Torontohenge: A Photography Contest

by Heather on October 21, 2009

Turn’s out this weekend it’s Torontohenge, the date when the setting sun lines up with our east-west street grid. And, what fun, Walrus Magazine is sponsoring a contest to find the most beautiful photograph capturing this urban solstice. From their site:

Since at least 2002, when astrophysicist Neil deGrasse Tyson gave it a name, photographers in New York City have observed the passing of Manhattanhenge, which happens when the rising or setting sun perfectly aligns with east-west streets that follow the island’s 1811 planning grid. The phenomenon occurs in every metropolis with a similar plan, and is coming soon to Canada’s city of skyscrapers. According to The Photographer’s Ephemeris, a free application developed by landscape photographer Stephen Trainor, the next Torontohenge is due to illuminate T.O.’s downtown thoroughfares on the evenings of October 24–25.

The Walrus invites local photographers to send us your best photos of Saturday and Sunday’s Torontohenge effect. Bree Seeley, our picture editor, will choose her favourite images for a gallery to be published on walrusmagazine.com. The overall winner will receive a gift bag from Drawn and Quarterly; two runners-up will each receive a pair of tickets to The Walrus events at the International Festival of Authors. All three winners will also receive a complimentary one-year subscription to The Walrus.

Submit images as JPGs (minimum 640×480 pixels) to contests@walrusmagazine.com before 12:00 pm EST, Tuesday, October 27.

To get you in the mood, check out this practice run from Sniderscion. Shot on Tuesday, he points out that the sun isn’t quite there yet.

© Sniderscion

© Sniderscion

{ 6 comments… read them below or add one }

Josh R. October 21, 2009 at 11:49 pm

Designers are all up in arms about the detriment of design contests. What about photographers? How does the photography world view the practice of photography contests?

Damien Franco October 22, 2009 at 12:19 am

I’ve always wanted to witness this event. It’s got such a beautiful allure. I’m a little too far to make it from way out in West Texas.

Someday…

David October 22, 2009 at 11:07 am

Just found your site via an email from Rob Davidson. Hoping the skies clear up this weekend.

Heather October 22, 2009 at 2:09 pm

Josh: Yes, there certainly has been some concern about photography contests but I think this one is a little different. Sure, it’s generating content for Walrus’ site but I don’t think there is any intention of using the photographs in any way. I haven’t read the fine print but I’m pretty sure this is just a fun way to engage readers in this neat Urban Solstice phenomenon (or am I being niave….).

Damien: I think you can use the Photographer’s Ephemeris to find out when your West Texas sun and skyscrapers will align (do you have skyscrapers in West Texas?).

Josh R. October 22, 2009 at 2:46 pm

It certainly seems like an innocent contest—they are not asking for people to compete to win a commission—I was just wondering what the general though on photography contests is.

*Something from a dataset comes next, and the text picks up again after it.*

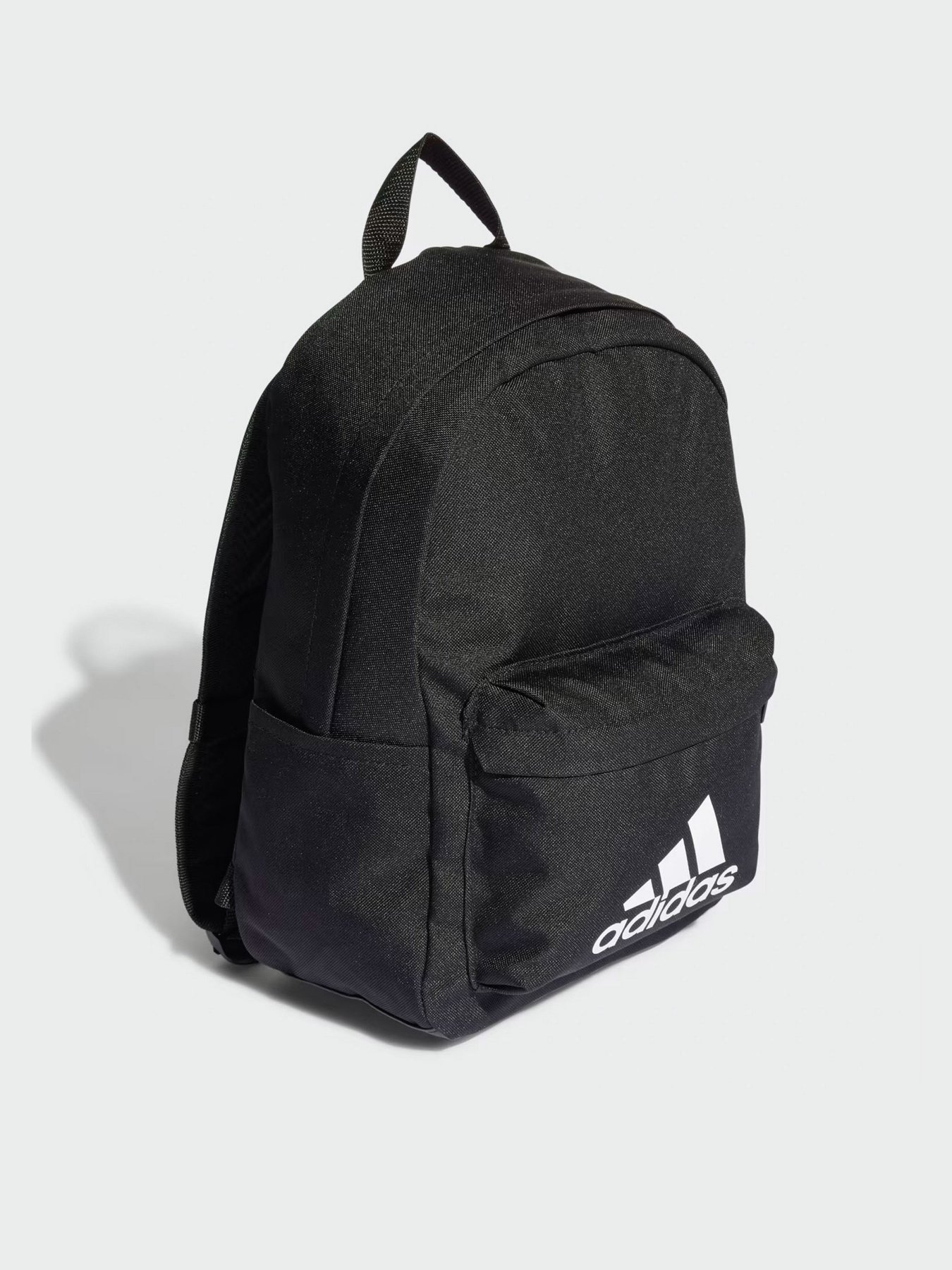 Рюкзак Adidas Performance модель HM5027 Фото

Bree October 23, 2009 at 10:39 am

Torontohenge is not wholly unlike social networking. Though it aims to collect some cool images which take lead from the math that Photographer’s Ephemeris has figured out and provided neatly for us. The Walrus will encourage participation in other Cdn. cities. Hopefully over time a wider movement will gel and anyone who cares to look will enjoy a blissful moment of reflection on how the landscape of urban jungle dovetails with mr sun and aren’t we clever bums for tracking it. Most of this will happen outside of Walrus-land and requires the will of the folks making the pictures cos Walrus never assumes or even asks for copyright of contributors works. Walrus is really just jumping on the bandwagon of this visual scheme. Harmless

As for the wider question about contests.. I think that as the international student body of photography surges, partnered with technology enabling many more practitioners… photo contests have become part of the fabric for young photographers. I’d love to know the real numbers but to my eye the range of contest has sprung ten-fold in the last several years. Unfortunately i don’t see that they pave the road to the much loved more traditional ‘jewels’ in photography like: getting a solo book, having a solo exhibit and a career of commissions cos those are opportunities that are becoming more scarce or certainly diluted by the army of photographers gunning for the goodies.
Modest contests rewards and publishing a personal series on your website are going to have to suffice for a lot of photographers. Both are good things because jeeze, we all appreciate reassurance and going public with our own work (by posting online) is not unlike the initial act of making pictures. It takes some bravery and requires that an individual have a position on a matter. That’s powerful.
I am not the first person to note that a lot of curious work does not and will not get traction beyond a life on personal sites. It is ours to resolve that getting 10s of thousands of hits will be the payoff to good work and not often will those same works wind up in the much relished vaults that we know to be the important photo-book of yore.
Likewise modern contest are like the cousins to the magazine article where artists are validated.